New twists on an old tool: Tax pros revamp organizers

A major tool of pre-season planning is getting a new spin — or two or three — this year. A new breed of organizer, with its new breed of questions, has been born.

The pandemic is unquestionably influencing organizers this year in terms of both content and delivery, in addition to dictating other pre-season plans.

“We’ll certainly be asking questions about receiving a Paycheck Protection Program loan, unemployment compensation and the impact of COVID on personal income or business operations,” said Chris Hardy, an Enrolled Agent and managing director at Georgia-based Paramount Tax and Accounting.

“We’ll have multiple questions for all businesses regarding the various components of the CARES Act and other stimulus-type grants and loans,” said Ann Etter, a CPA and partner at Goodney & Associates, in Northfield, Minnesota.

“‘Were you affected? Did you or someone you know get it? Did you take a COVID retirement distribution? Did you not take or put back your RMD into your IRA?’” said Daniel Henn, a CPA in Rockledge, Florida. “This and a few similar questions.”

“I’m certain there will be additional conversations about the business use of home options and, for the self-employed, impacts of any CARES Act or similar benefits,” said Daniel Morris, a CPA and senior partner at Morris + D’Angelo CPAs in San Jose, California. “We’ll ask about impacts associated with COVID — unemployment, health costs, additional life changes.”

Said EA John Dundon, president of Taxpayer Advocacy Services in Englewood, Colorado, “I will for sure be adding a question about whether the taxpayer contracted COVID.”

New expectations

Getting organizers out to the various categories of clients is the most time-consuming task of early season, preparers have said, though going paperless can whittle down some of the chore.

The organizer of Why Blu in San Francisco, for instance, is all digital, said Scott Hoppe, CPA. “We’re using a shared PBC list … to coordinate open items with each other,” he said. “We supplement that checklist of documents with a short Google Forms survey to answer things like, ‘Did you get a PPP loan?’”

“Organizers will likely be more digital this year as people are certainly accustomed to the COVID digitization of their lives,” Daniel Morris said. “For our West Coast customers, we’ll also be requesting more information about disaster zones and disaster impacts upon their lives.”

“My cover letter is setting a new expectation for meeting and virtual meeting options,” said Kerry Freeman, an EA at Freeman Income Tax Service in Anthem, Arizona. “We’ve always been a live-interview office, with a lot of face-to-face time with collection interviews and closing interviews. This year we’re moving at warp speed to go more virtual and [to a] more mail-and-drop office.”

“Directing clients to online portals, to online appointments with the options of the phone or Zoom meetings has been a big part of my off-season,” Freeman added.

A sign advising of social distancing measures in place stands on display at the entrance to a Pick n Pay Stores Ltd. supermarket in Johannesburg, South Africa, on Monday, May 11, 2020.
A sign advising of social distancing measures at a supermarket in May.

Additional uses and topics

In a recent Accounting Today article, Kyle Walters, a partner at L&H CPAs, wrote that his firm doesn’t ask new clients to complete the organizer prior to the first meeting but instead suggests using the organizer to show clients how your firm will work with them long-term.

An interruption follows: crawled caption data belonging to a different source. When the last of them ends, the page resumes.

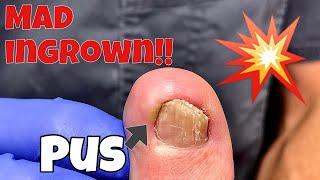 MAD INGROWN TOENAIL REMOVAL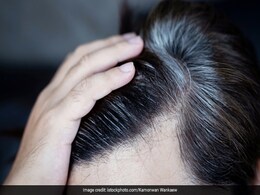अगर आपके भी बाल समय से पहले हो रहे हैं सफेद तो बस आजमा लीजिए यह नुस्खा, दूर हो जाएगी White Hair की दिक्कत अगर आपके भी बाल समय से पहले हो रहे हैं सफेद तो बस आजमा लीजिए यह नुस्खा, दूर हो जाएगी White Hair की दिक्कत
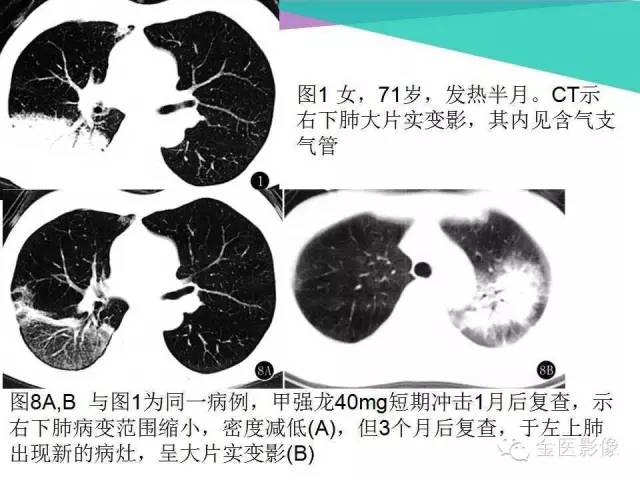 【PPT】隐源性机化性肺炎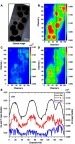 Figure 9 cHA microspheres implanted for 6 months in rat calvaria (region 1). (A) Optical image and (B–D) Ca, Zn and P SR-µXRF elemental mapping; (E) Mass fraction profile of Ca, P and Zn along channel 55 (dash lines).Notes: Dash lines: vertical channel 55.Abbreviations: cHA, carbonated hydroxyapatite; SR-µXRF, Synchrotron radiation-based X-ray microfluorescence.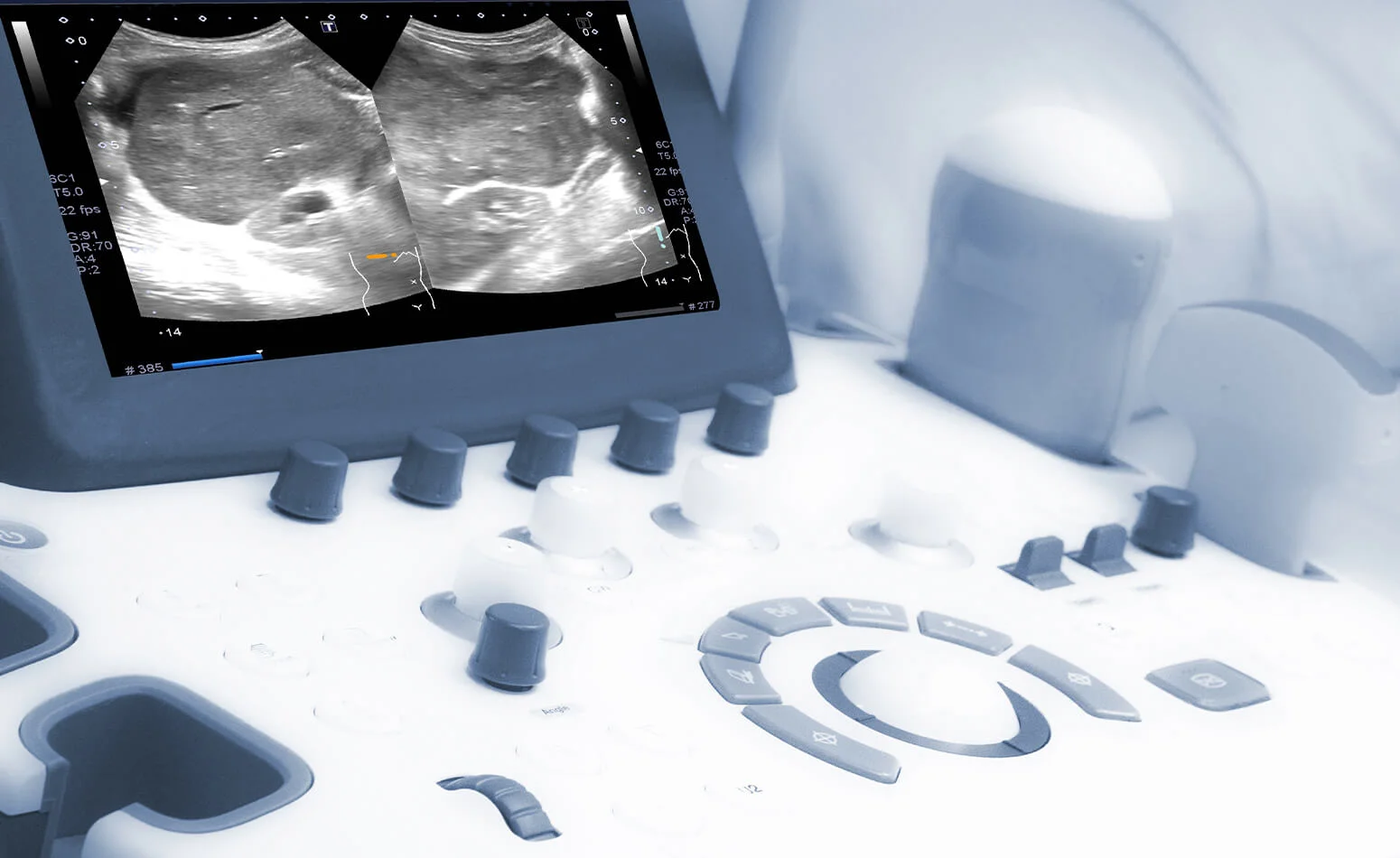Roosevelt Cardiovascular Diagnostic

“The annual organizer is dead — long live the engagement kit,” wrote Walters in another article. Firms should use their organizers to keep their brand front of mind with clients long before Tax Day, and include such extras in organizers (a.k.a., “engagement kits”) as tax updates, significant changes to the firm over the past 12 months, services the firm offers that clients might not know about and tax-planning items.

Other recent events have influenced organizers as well. Thomson Reuters, for instance, brought out a solution to provide virtual currency organization for 1040 prep, as the IRS has added a prominent question on the form around whether an individual has invested in cryptocurrency.

“My organizer, which is accompanied by my engagement letter, will be similar but highlight cryptocurrency questions, remind people of the $300 deduction for charitable contributions and to include the 1444 Notice that they received telling them the amount of the stimulus payment,” said Morris Armstrong, an EA and registered investment advisor at Armstrong Financial Strategies in Cheshire, Connecticut. “And it will highlight that face-to-face meetings are not on the cards.”